ABOUT THIS TASK:
This task calls for the lines below starting at the one containing "2008 hobby caravan" and ending at the one containing "H&M Cocktail Dress (view 1)", repeated exactly with both ends kept and pictures left out.

Short descriptive text snippets:
───

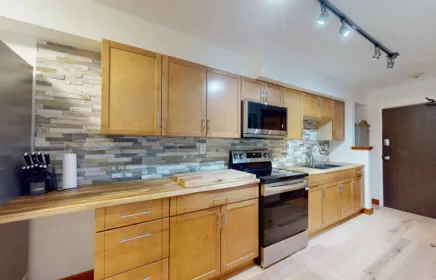 301 2021 Karen Crescent, Whistler, BC, Whistler — Apartment/Condo for sale
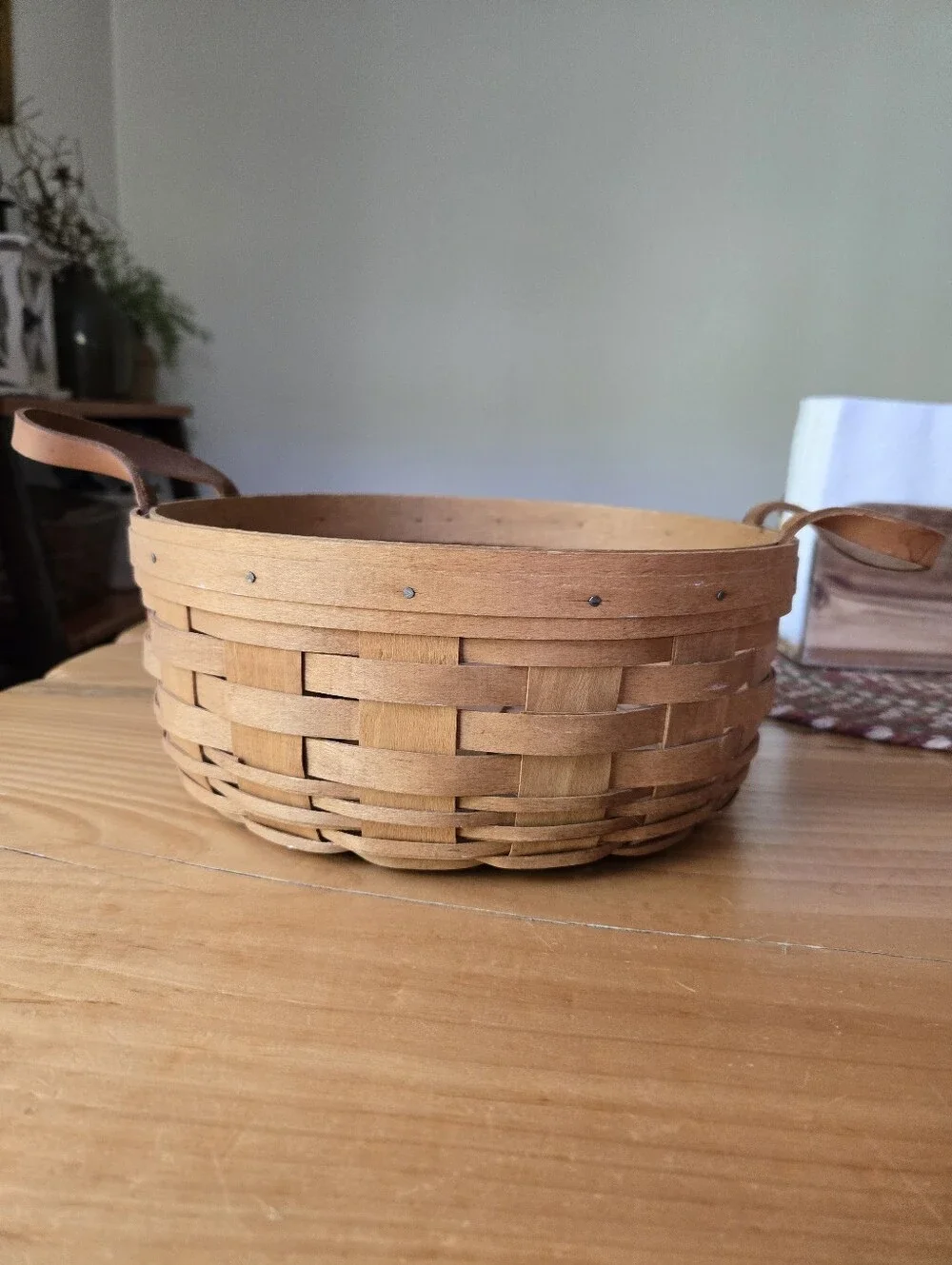 Longaberger 1993 Vintage Round Darning Basket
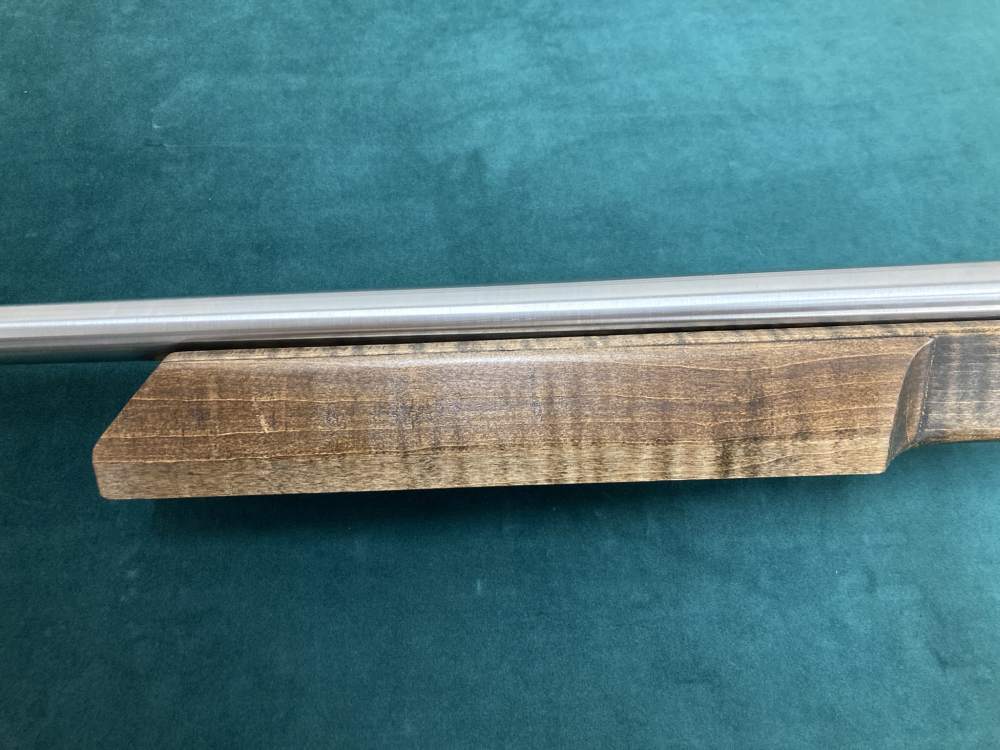 Remington 700 .223 Rem with extra stock and Sightron scope.-img-9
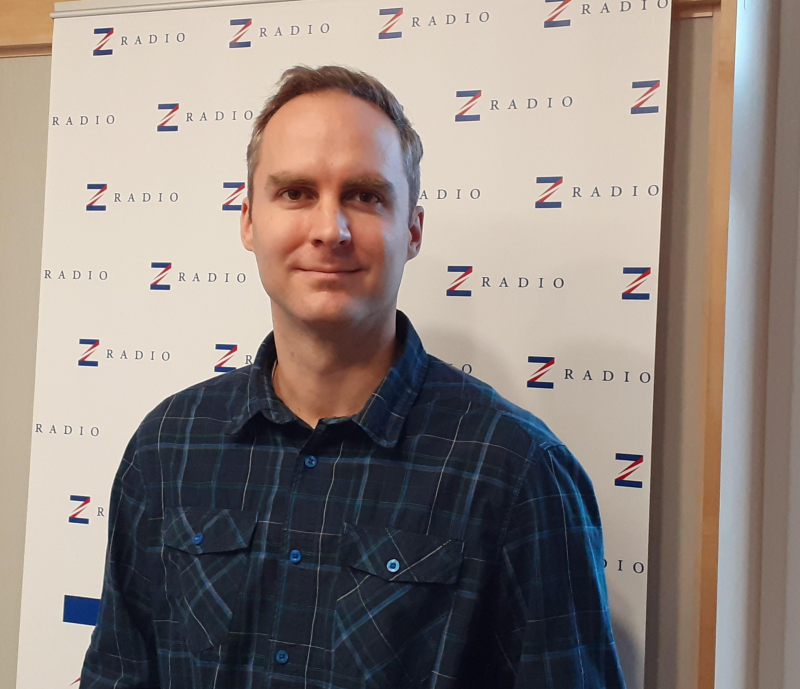 Obrázek epizody Ondřej Kubal: Nepiju už čtrnáct let, velké procento lidí pije už tak často, že to ohrožuje jejich zdraví. Dealkoholizovaný nápoj prošel procesem, kdy byl alkohol z nápoje odstraněn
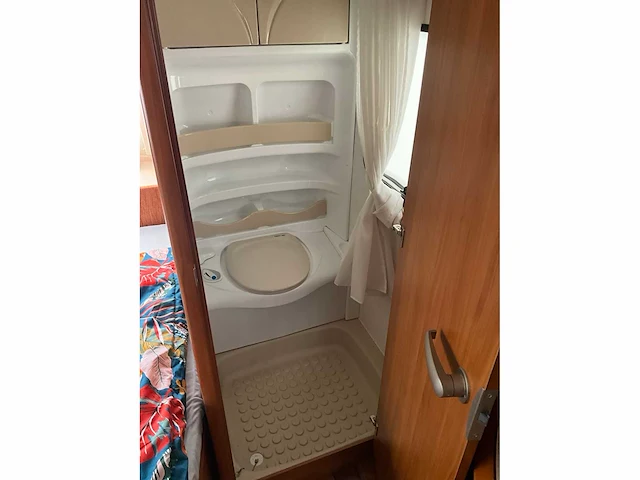 2008 hobby caravan + voortent en luifel & fietsenrek - afbeelding 42 van  70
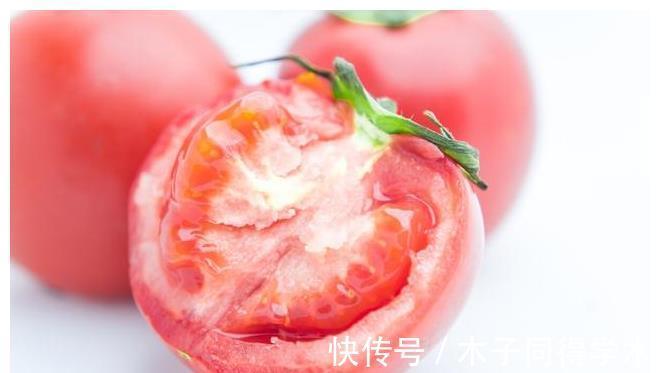 根蒂|西红柿去皮不用开水烫，牢记2个小诀窍，快速给西红柿去皮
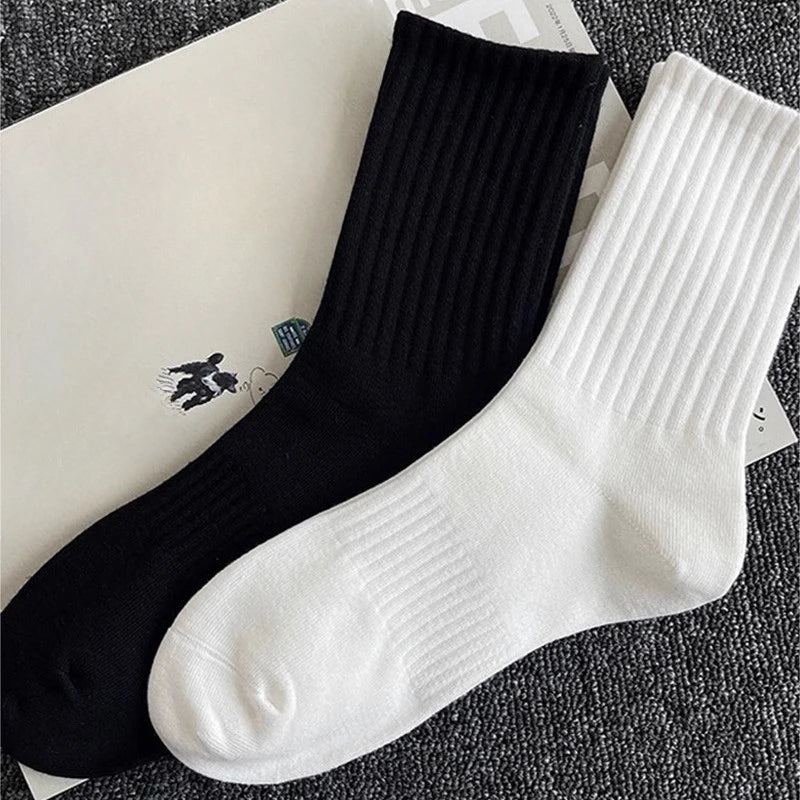 8/4 Pairs of Fashionable Classic Women's Mid-Calf Socks, Black and White Sports Socks, Suitable for Both Men and Women, Large Size Women's Socks: Size 36-43, Soft and Breathable for Spring, Summer, and Autumn, Simple Style, S Peaceful Pleasures Health and Wellness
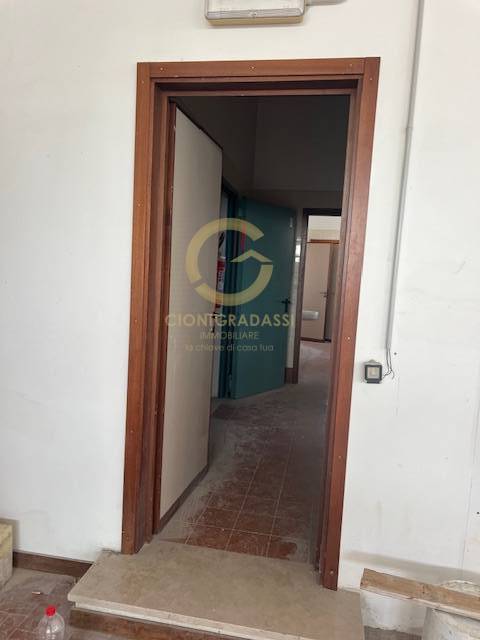 Locale commerciale in affitto a Livorno, Coteto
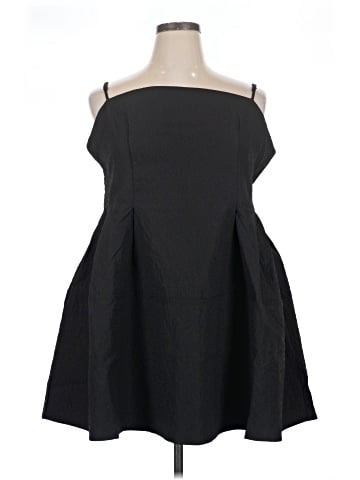 H&M Cocktail Dress (view 1)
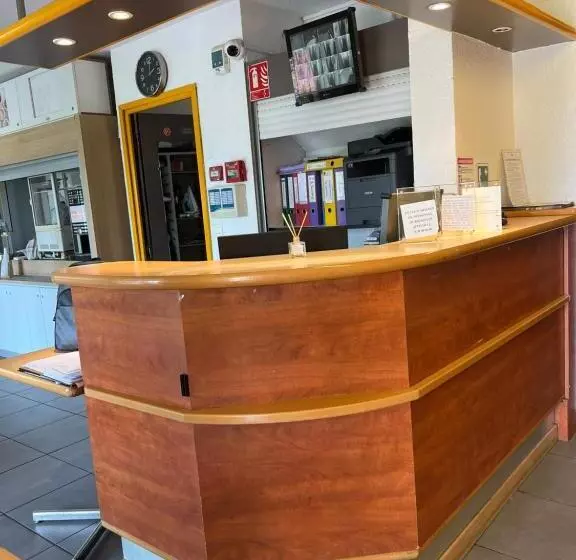 酒店 Egg Hôtel Sarcelles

───

COMPLETED TASK:
 2008 hobby caravan + voortent en luifel & fietsenrek - afbeelding 42 van  70
 根蒂|西红柿去皮不用开水烫，牢记2个小诀窍，快速给西红柿去皮
 8/4 Pairs of Fashionable Classic Women's Mid-Calf Socks, Black and White Sports Socks, Suitable for Both Men and Women, Large Size Women's Socks: Size 36-43, Soft and Breathable for Spring, Summer, and Autumn, Simple Style, S Peaceful Pleasures Health and Wellness
 Locale commerciale in affitto a Livorno, Coteto
 H&M Cocktail Dress (view 1)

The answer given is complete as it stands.